Re the Y Combinator email: what should the list be for VCs?

It’s been just under 2 months since YC advised its founders to hunker down in light of the recent market downturn. When I read it, I mostly agreed — I am wired for bootstrapping and sustainable growth in all market climates. But it struck me as missing something. Granted, it was written for founders of high-growth startups — it should be a list of prescriptions for founders from their stakeholder/accelerator behemoth. But the email begs a response. Early-stage companies aren’t the only actors in the startup ecosystem. The underlying assets now have their marching orders on how to change. But how does the VC investor — an expert in the asset class — change?

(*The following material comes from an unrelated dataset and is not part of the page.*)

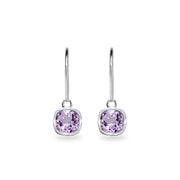 Sterling Silver Amethyst 6mm Cushion-Cut Bezel-Set Dainty Dangle Leverback Earrings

What if a hyperfocus on post-investment data and analysis (like investors in other asset classes have) could give insight into future investment decisions, help deliver true and bespoke strategy recommendations, lend credible evidence to a fund’s investment thesis, and, ultimately, lock onto alpha and outsized returns (presumably what we’re all here for)? Some VCs are at the forefront of doing this (you know who you are), but for many: collecting and organizing quarterly reporting isn’t “data;” making calls/connections for founders and offering qualitative advice at board meetings isn’t “analysis.”

Here are some thoughts (retooled from YC’s thoughts) for VCs when making their plans to ensure their fund survives:

  1. No one can predict how bad the economy will get, but given that VC is inherently a buy-and-hold strategy, your only unequivocal mitigant for an economic downturn is deeper analysis of the underlying assets. More robust knowledge of your portfolio companies will position you to reduce risk and increase return.

  2. The safe move is not to overreact, but to study, plan, and prepare. If this turns into a recession like the last two downturns (it likely will), the best way to prepare is to double down on fundamentals — use this time to understand your portfolio companies from the weeds up, so when critical strategic pivots need to occur (they will), you’re not just chiming in with gut feelings during board meetings. You will actually know what you’re talking about…for this company. Your goal should be to get to a Deep Dive.

  3. Understand that poor public market performance should drive VCs to distinguish their fund’s investment process as unique and unquestionably accretive. VCs will have a much harder time raising money and their LPs will expect more investment discipline throughout the entire investment period. Investment discipline doesn’t just occur during Sourcing and Vetting. In fact, “investing” and the various activities it entails, continue on after allocation. The VC fund that can show LPs thoughtful and rigorous analysis post-investment, wins.

P.S. If you think this message doesn’t apply to your fund, please reconsider. The days of phoning in portfolio monitoring in VC are over.